Makja : Je joue ce titre qui résonne parfois dans des endroits particuliers. J’ai souvenir d’une grand-mère assise au premier rang dans une maison Landaise qui représentait toute sa vie, elle y a vu naitre et mourir une partie de sa famille. Nous avons fini notre set par « A Nos Absents », elle a levé les yeux au ciel, s’est mise debout et nous a dit « Ils vous remercient » puis se rassoit. Ce concert était inclus dans une tournée acoustique que nous faisions chez l’habitant et les chansons rebondissent différemment que dans une salle.
Diego : D’ailleurs cela est une force de jouer en trio-acoustique près du public ?
Makja : Après le confinement, nous avons signé chez un diffuseur Parisien pour une création plus produite. Le souci étant que le spectacle ne se vendait pas car il était trop cher. On a adapté le répertoire en version trio-acoustique pour le jouer dans une version épurée chez l’habitant, dans les jardins, en maison d’arrêt, en hôpital et dans l’espace public. Je suis accompagné de Maïe-Tiaré Coignard au violoncelle et de Raphaël Raymond à la guitare.
Diego : J’ai entendu dire que tu étais un chanteur-fédérateur ?
Makja : C’est un compliment mais je ne maitrise pas les avis des gens. Je gère le spectacle vivant et les albums mais toutes les bouches ne disent pas toujours des gentillesses. Un public est diversifié, certains spectateurs viennent pour le texte, d’autres pour la musique ou pour le « game » parce qu’il va se passer quelque chose. J’ai envie d’un public métissé, diversifié et ouvert.
Diego : Tu avais des mots magiques dans ta jeunesse comme « bonjour, merci et au revoir ». Quels sont tes mots magiques pour les années actuelles ?
Makja : Envie, désir, action, humilité. Tu sèmes et la nature fait grandir certaines graines, même si tu as le dos tourné. Faisons et nous verrons bien !

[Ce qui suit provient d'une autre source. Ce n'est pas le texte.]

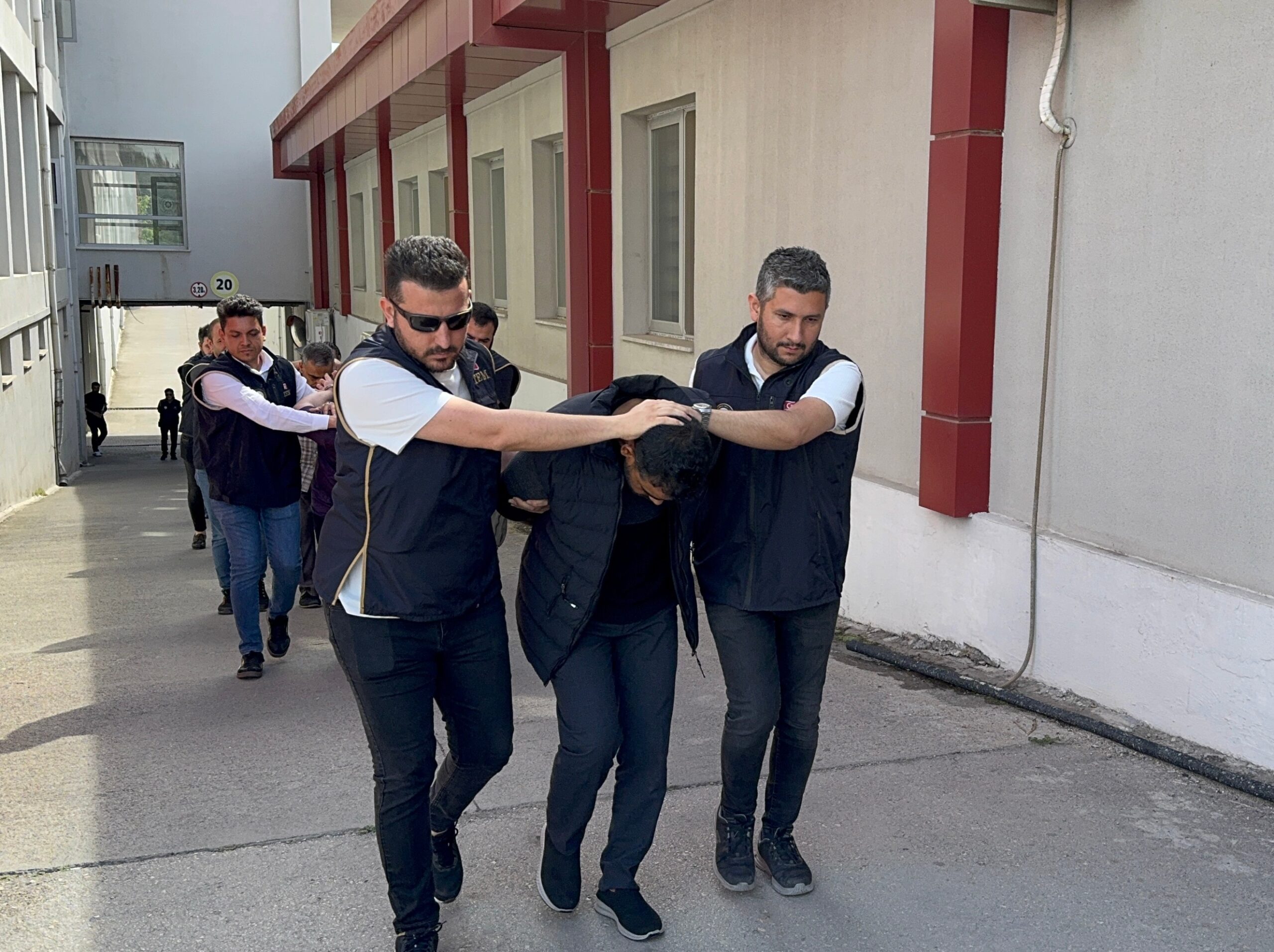 Terör örgütü DEAŞ’a yönelik operasyonda yakalanan 5 şüpheli tutuklandı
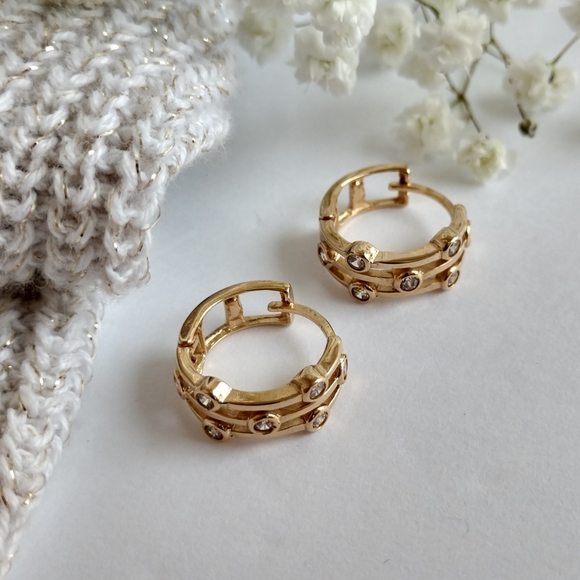 Cracco Jewelry Nwot Cracco Hoop Earrings Gold With Stones Poshmark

Diego : As-tu un rituel avant de monter sur scène ?
Makja : Une bise avec mes comparses, « bon concert ». Mes deux compagnons sont de très bons musiciens mais surtout des humains adaptables. Lorsque nous jouons chez l’habitant, ce sont des sollicitations différentes à chaque fois et pas mal de rigolades. Nous nous chambrons, restons concentrés et profitons d’être vivants !
Diego : Pour finir, quels sont tes meilleurs concerts vécus en tant que spectateur ?
Makja : Je vois peu de concerts mais Carmen Maria Vega est une chanteuse française qui serait un mix de Tina Turner et Freddie Mercury ! Je l’ai vue au Mans en 2017 au pop festival avec Kim Giani et Maria représente la puissance, la classe, la folie d’une artiste talentueuse. Dans le même style, Melissmell pour son oeuvre ou Quintana Dead Blues Expérience pour sa passion. Piero joue seul et va au bout des choses. Il a une humilité saine et je suis impatient de le voir en duo avec un batteur.
Diego : Il se remet en question après chaque concert !
Makja : Totalement et son incertitude fait sa qualité. Il donne tout à son art.
Diego : Merci à toi et à bientôt en concert !
Makja : Merci Diego.
- Remerciements : Makja
- Photos : Jessica Calvo / Philippe Prevost
- Relecture : Jacky G.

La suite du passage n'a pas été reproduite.